25
votes

In a lay-man terminology how does the garbage collection mechanism work?

How an object is identified to be available for garbage collection?

Also, what do Reference Counting, Mark and Sweep, Copying, Train mean in GC algorithms?

5
Nopes... its not. Probably it appears just coz I put it that way. Any waysS M Kamran
I'd recommend reading the fairly good, 34-page illustrated paper, Uniprocessor Garbage Collection Techniques, by Paul R. Wilson (1992), that explains the concepts behind basic garbage collection techniques (reference counting, mark-and-sweep, mark-compact, incremental, generational).stakx - no longer contributing

5 Answers

38
votes

When you use a language with garbage collection you wont get access to the memory directly. Rather you are given access to some abstraction on top of that data. One of the things that is properly abstracted away is the the actual location in memory of the data block, as well as pointers to other datablocks. When the garbage collector runs (this happens occasionally) it will check if you still hold a reference to each of the memory blocks it has allocated for you. If you don't it will free that memory.

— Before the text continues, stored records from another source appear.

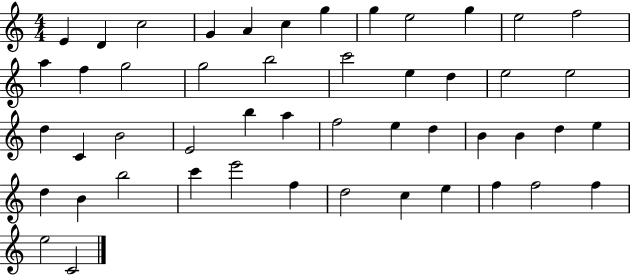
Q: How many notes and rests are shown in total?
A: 49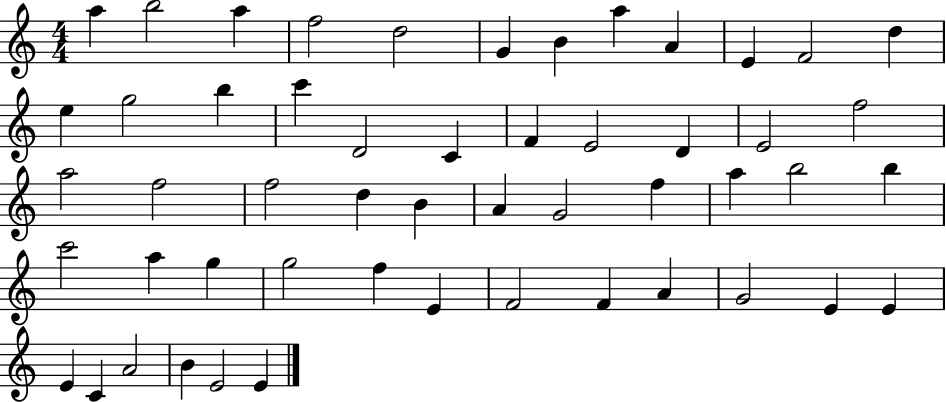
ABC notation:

X:1
T:Untitled
M:4/4
L:1/4
K:C
a b2 a f2 d2 G B a A E F2 d e g2 b c' D2 C F E2 D E2 f2 a2 f2 f2 d B A G2 f a b2 b c'2 a g g2 f E F2 F A G2 E E E C A2 B E2 E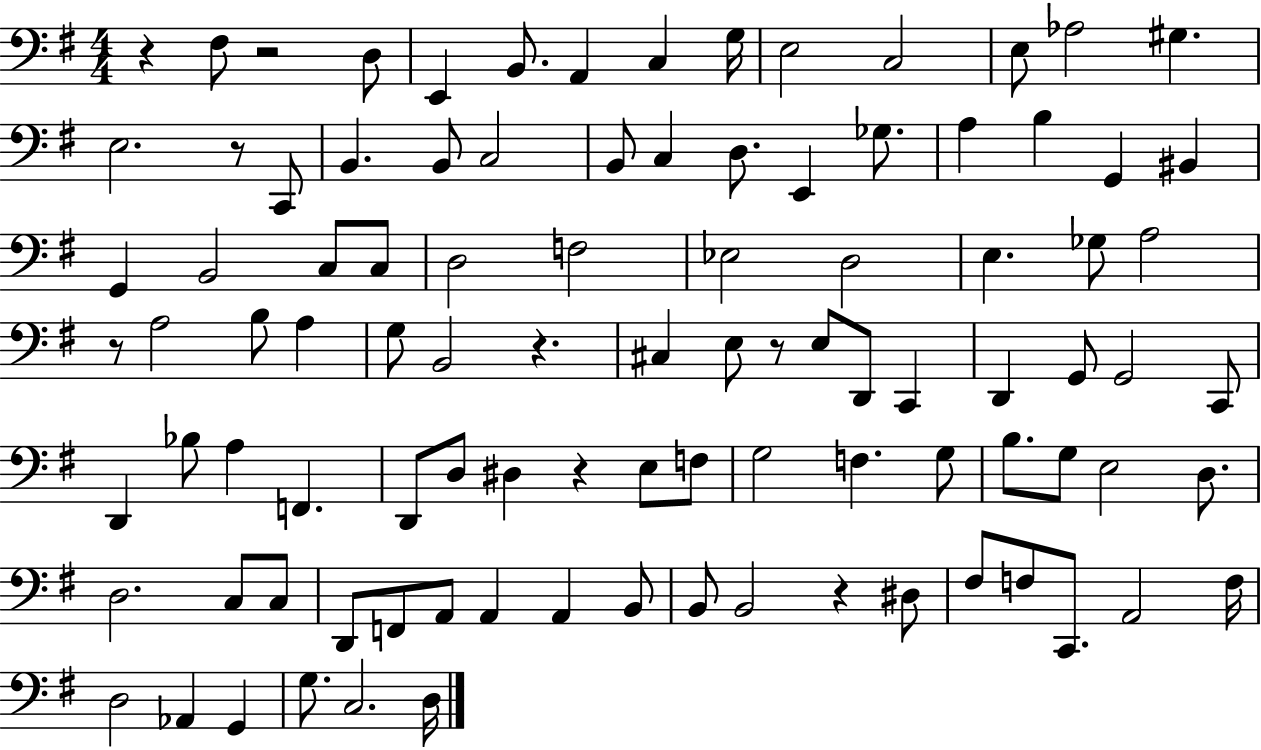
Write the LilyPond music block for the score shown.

{
  \clef bass
  \numericTimeSignature
  \time 4/4
  \key g \major
  r4 fis8 r2 d8 | e,4 b,8. a,4 c4 g16 | e2 c2 | e8 aes2 gis4. | \break e2. r8 c,8 | b,4. b,8 c2 | b,8 c4 d8. e,4 ges8. | a4 b4 g,4 bis,4 | \break g,4 b,2 c8 c8 | d2 f2 | ees2 d2 | e4. ges8 a2 | \break r8 a2 b8 a4 | g8 b,2 r4. | cis4 e8 r8 e8 d,8 c,4 | d,4 g,8 g,2 c,8 | \break d,4 bes8 a4 f,4. | d,8 d8 dis4 r4 e8 f8 | g2 f4. g8 | b8. g8 e2 d8. | \break d2. c8 c8 | d,8 f,8 a,8 a,4 a,4 b,8 | b,8 b,2 r4 dis8 | fis8 f8 c,8. a,2 f16 | \break d2 aes,4 g,4 | g8. c2. d16 | \bar "|."
}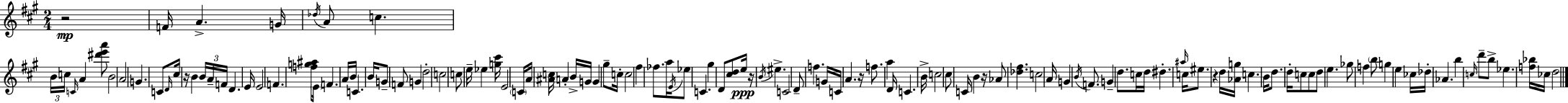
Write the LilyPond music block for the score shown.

The main difference between the different types of garbage collectors is their efficiency as well as any limitations on what kind of allocation schemes they can handle.

The simplest is properly reference counting. When ever you create a reference to an object an internal counter on that object is incremented, when you chance the reference or it is no longer in scope, the counter on the (former) target object is decremented. When this counter reaches zero, the object is no longer referred at all and can be freed.

The problem with reference counting garbage collectors is that they cannot deal with circular data. If object A has a reference to object B and that in turn has some (direct or indirect) reference to object A, they can never be freed, even if none of the objects in the chain are refereed outside the chain (and therefore aren't accessible to the program at all).

The Mark and sweep algorithm on the other hand can handle this. The mark and sweep algorithm works by periodically stopping the execution of the program, mark each item the program has allocated as unreachable. The program then runs through all the variables the program has and marks what they point to as reachable. If either of these allocations contain references to other data in the program, that data is then likewise marked as reachable, etc.

This is the mark part of the algorithm. At this point everything the program can access, no matter how indirectly, is marked as reachable and everything the program can't reach is marked as unreachable. The garbage collector can now safely reclaim the memory associated with the objects marked as unreachable.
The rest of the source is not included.